If the symptoms continue, your primary care physician might prescribe medications or a mouth guard for the bite in order to keep you from grinding your teeth at night. If the TMD symptoms are caused by an improper bite, most corrections may be achieved with restorations, orthodontics, appliance therapy, or equilibration. Identifying and correcting abnormal jaw movements and habits, subconscious or otherwise, can help in the treatment of TMJ. Here are the TMJ treatment options that are available today for people seeking treatment for the TMJ disorder.
Painkillers: There are a variety of medications that can be prescribed to relieve pain.

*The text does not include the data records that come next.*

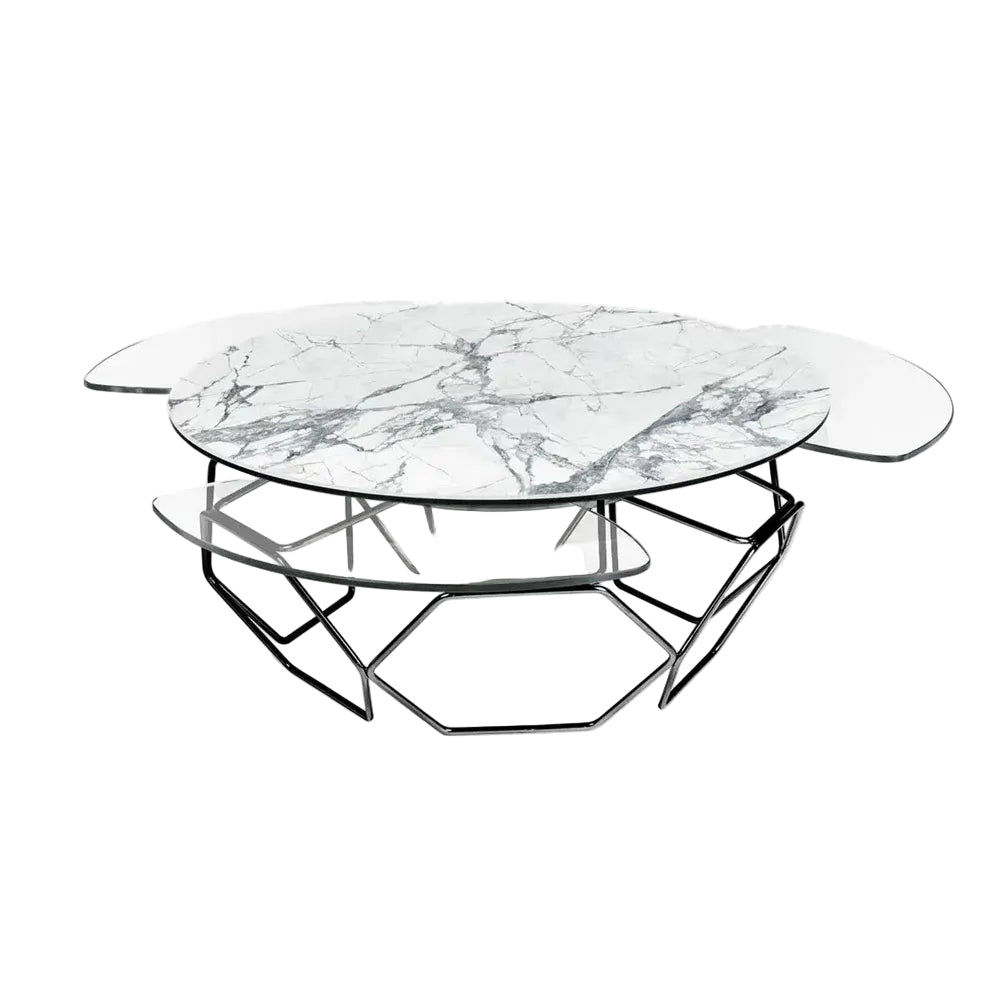 Hive Extendable Coffee Table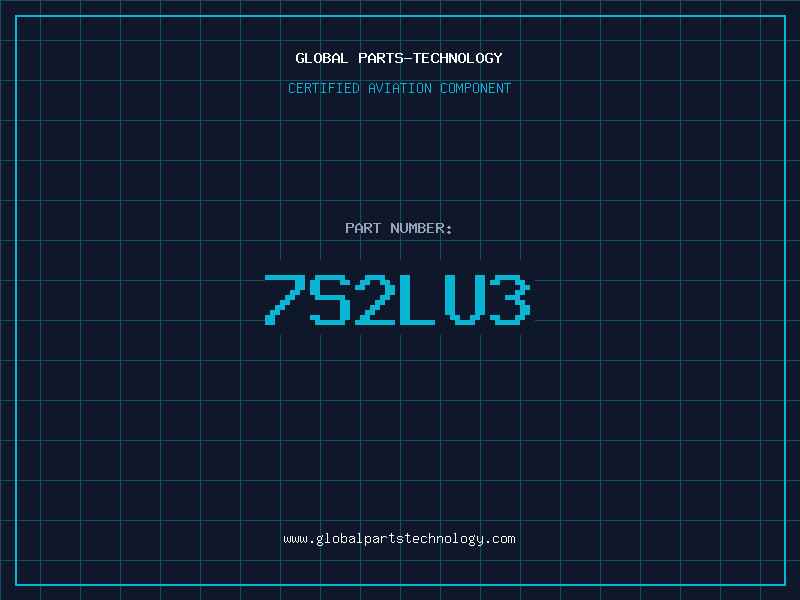 Aviation Part 7S2LU3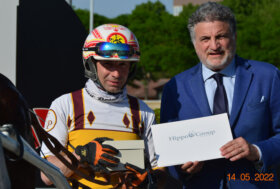 Ippodromo Arcoveggio Bologna: resoconto delle corse di sabato 14 maggio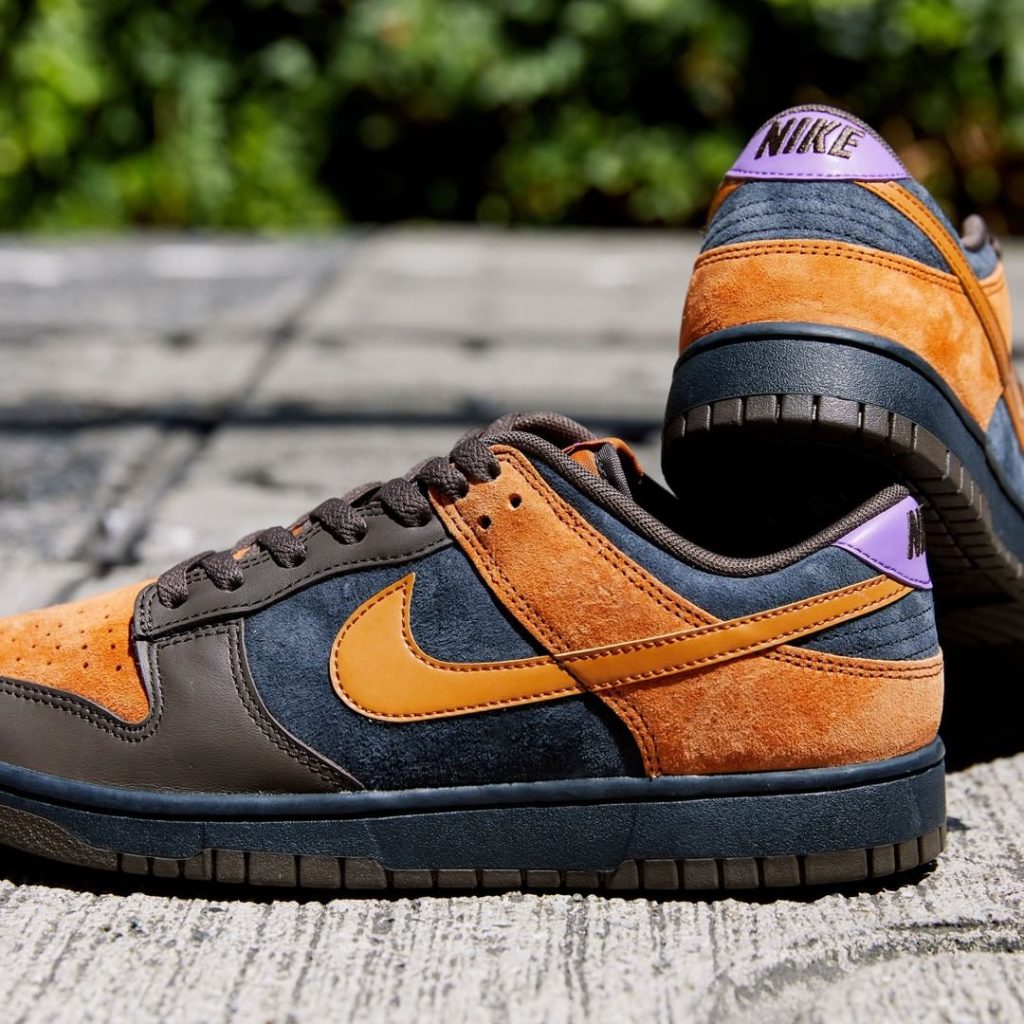 NIKE DUNK LOW PRM CIDERが8/14に国内発売予定【直リンク有り】 | God 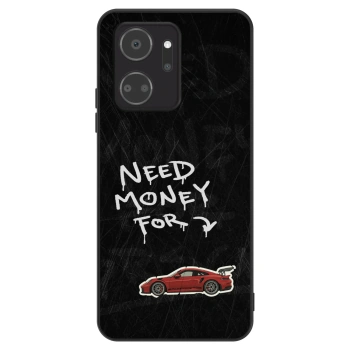 Etui na Honor X7a - Track Mode
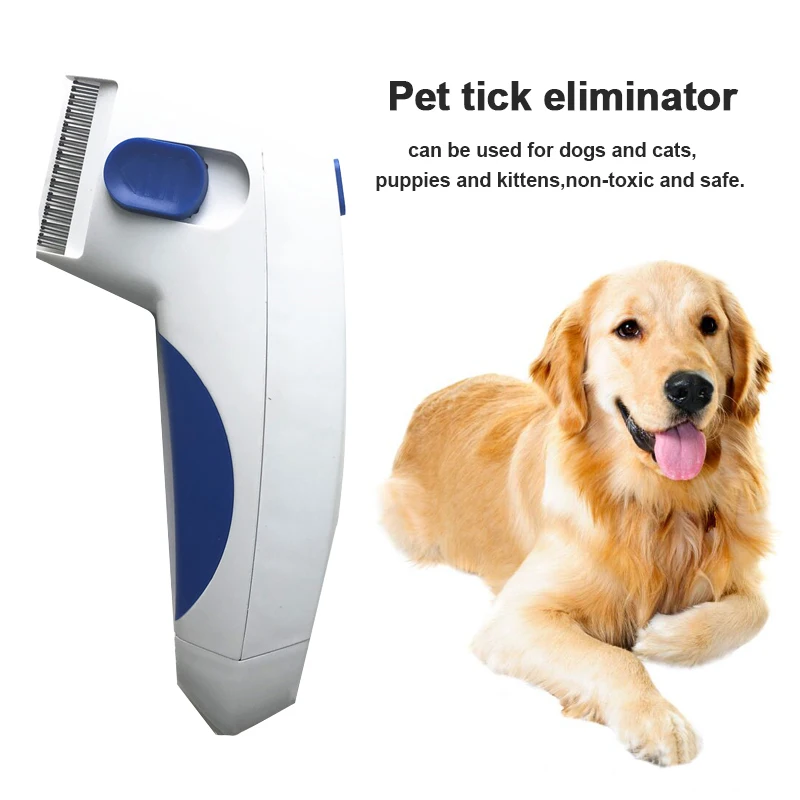 Mejor vendedor Peine para pulgas electrónico para cachorros, tratamiento de pulgas seguro para mascotas, suministros para mascotas, peine para pulgas eléctrico aVjgLJnm1 Mejor vendedor Peine para pulgas electrónico para cachorros, tratamiento de pulgas seguro para mascotas, suministros para mascotas, peine para pulgas eléctrico aVjgLJnm1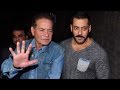 Salman Khan S Father APOLOGIZES On His Behalf For The RAPE COMMENT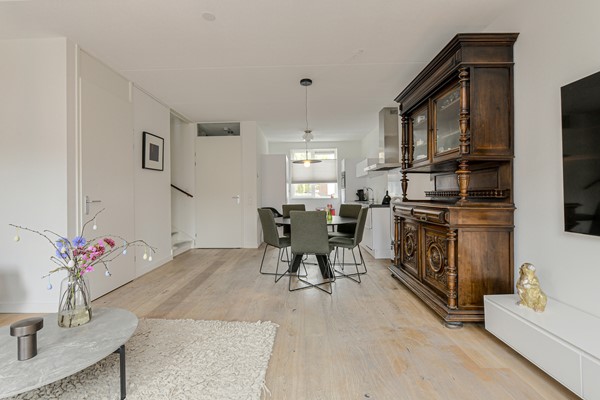 Foto - Te koop: Mgr. Horsthuisstraat 48, 4813 XM Breda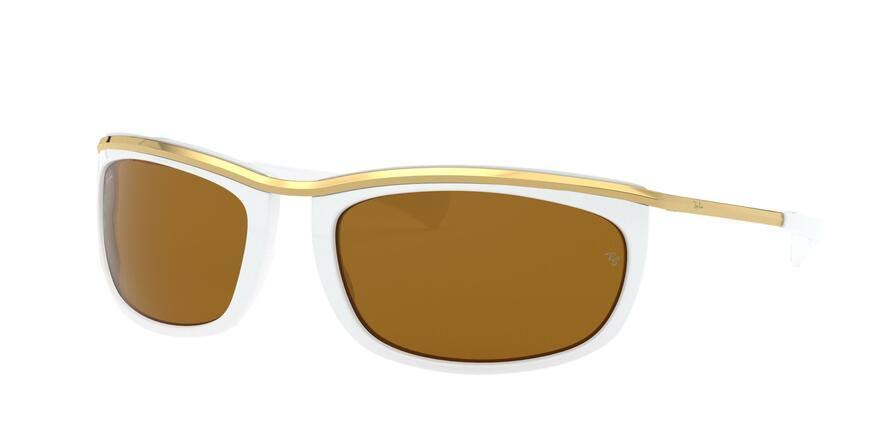 Black Polarized Sunglasses V6843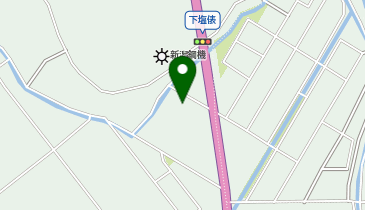 ガレージイーダッシュ(E&rsquo;)の地図画像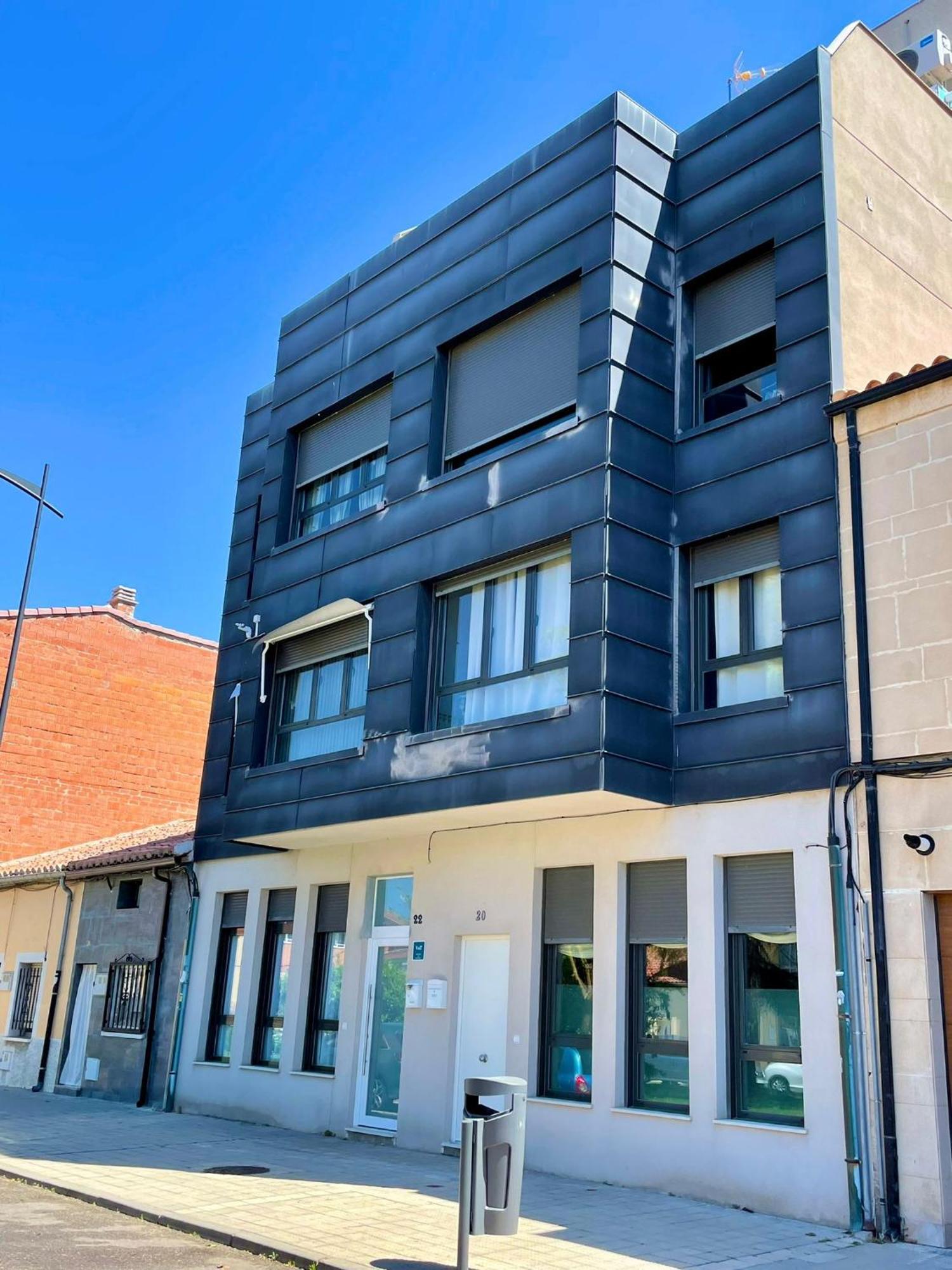 Merinas22 Zamora Exterior photo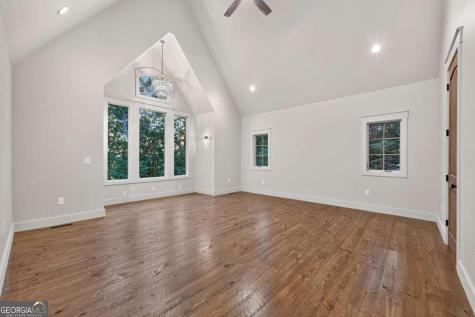 357 Spring Ridge Trail Morganton GA 30560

These are usually pain killers. When over-the-counter pain medicines are not relieving TMJ and ear pain, your physician or dentist might prescribe painkillers that are stronger. Treating the pain of this disorder can be tricky. Some sufferers do find relief in traditional over the counter pain relievers such as Tylenol or Advil, but more often these things do not provide sufficient relief. The pain of TMJ is most often neurological, meaning it occurs in the nerves and is affected by the nervous system. This type of pain does not respond well to typical over the counter pain remedies. It is important to note that solving TMJ conditions through TMJ treatment is more effective than pain management. Pain killers can also be quite addictive and therefore not recommended for long term use.
Muscle Relaxants: These kinds of medications are often used for a couple of days or weeks in order to aid the relief of pain caused by TMJ disorders.
Tricyclic Antidepressants: Tricyclic antidepressants can be useful in treating the pain, because their chemistry functions in a way that blocks the neurotransmission receptors – the source where pain is felt. Less commonly, clonazepam can be prescribed for treatment. Clonazepam, also known under the brand name Klonopin, can act as a muscle relaxant and can also help prevent the clenching and grinding of the teeth while sleeping. Stopping this habit can help relieve TMJ symptoms. Antidepressants like nortriptyline or amitriptyline when taken prior to sleep at night can help to relieve TMJ pain in certain individuals.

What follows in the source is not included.